Manchester can be a true tourist city, but there are key areas in which to improve, says Jonathan Schofield
I love this city. I guide this city. I extol its many and manifold virtues to hundreds of guests and locals every year. The place fills me with pride. Manchester, the people, the city scene, the on-going story, is endlessly fascinating and appealing.
This is evidenced by the huge upswing in visitors I’ve seen year on year for more than two decades. Recent official figures prove the importance of tourism to modern Manchester. Greater Manchester’s tourism sector is worth £7.9 billion and supports 94,000 jobs. The region attracts 119 million visitors per year; 11 million that stay and 108 million day visitors. This means it’s the largest key sector in the region, outstripping others such as the financial and professional services, life sciences and creative, digital and tech.
On 11 October this year, at the Greater Manchester Tourism Conference, several commentators in the city were given an eight minute soapbox as Dictator for the Day.
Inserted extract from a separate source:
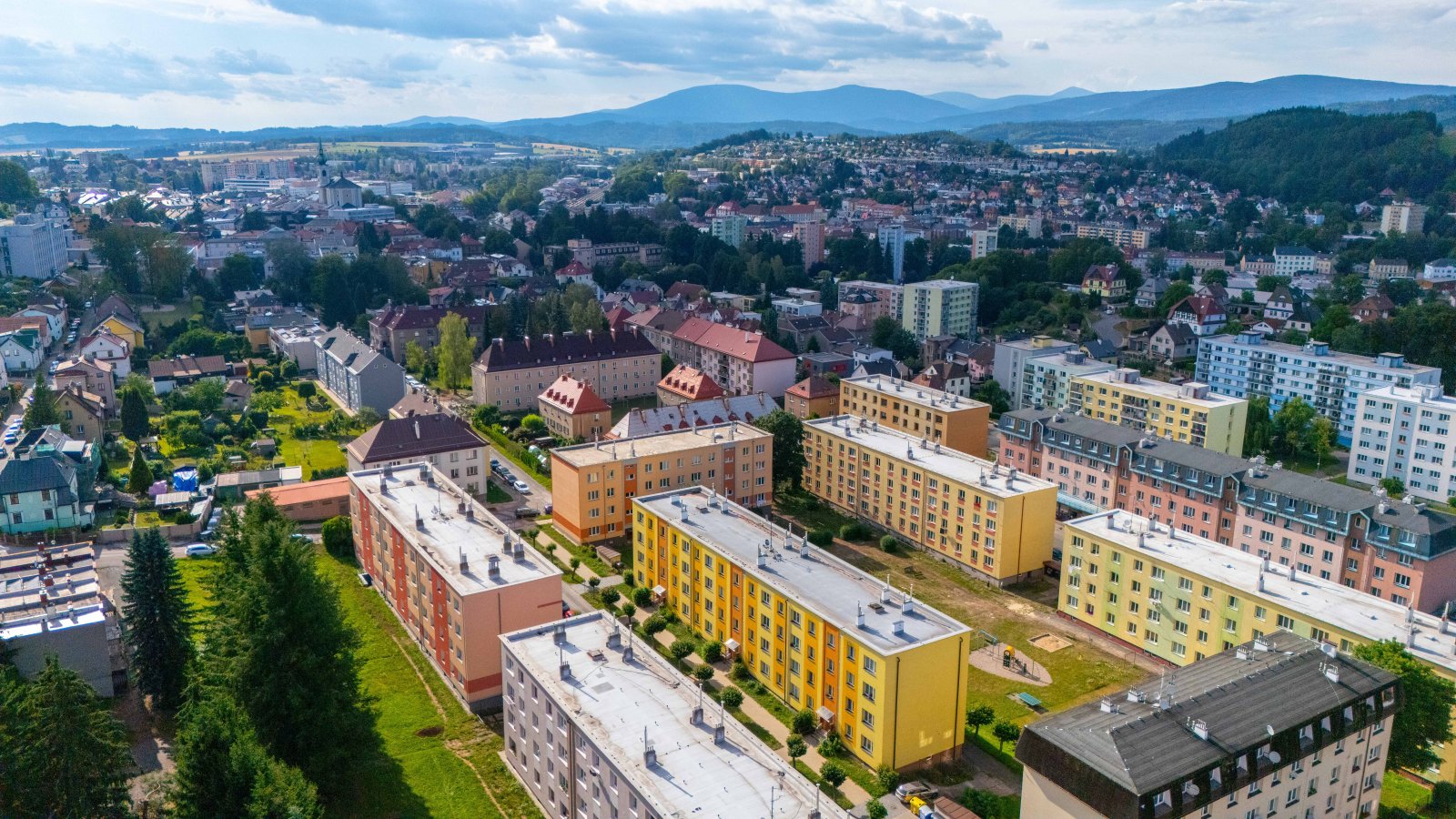 Byt 3+1, osobní vlastnictví, Trutnov - Kryblice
The theme was how to improve Manchester’s tourism.
I raged about the lack of attention to detail.
My contention is that aside from maybe one missing museum we have all the visitor attractions we need. Now we need to think small, and ignore the macro for the equally important micro. Out with the capital projects in with the personal grooming of the city centre, the hair combing, the polishing of the shoes.
Here are my main points with a couple added. Most of these points should be standard for any city with aspirations to be a major destination. Manchester needs to play the tourism game in all aspects.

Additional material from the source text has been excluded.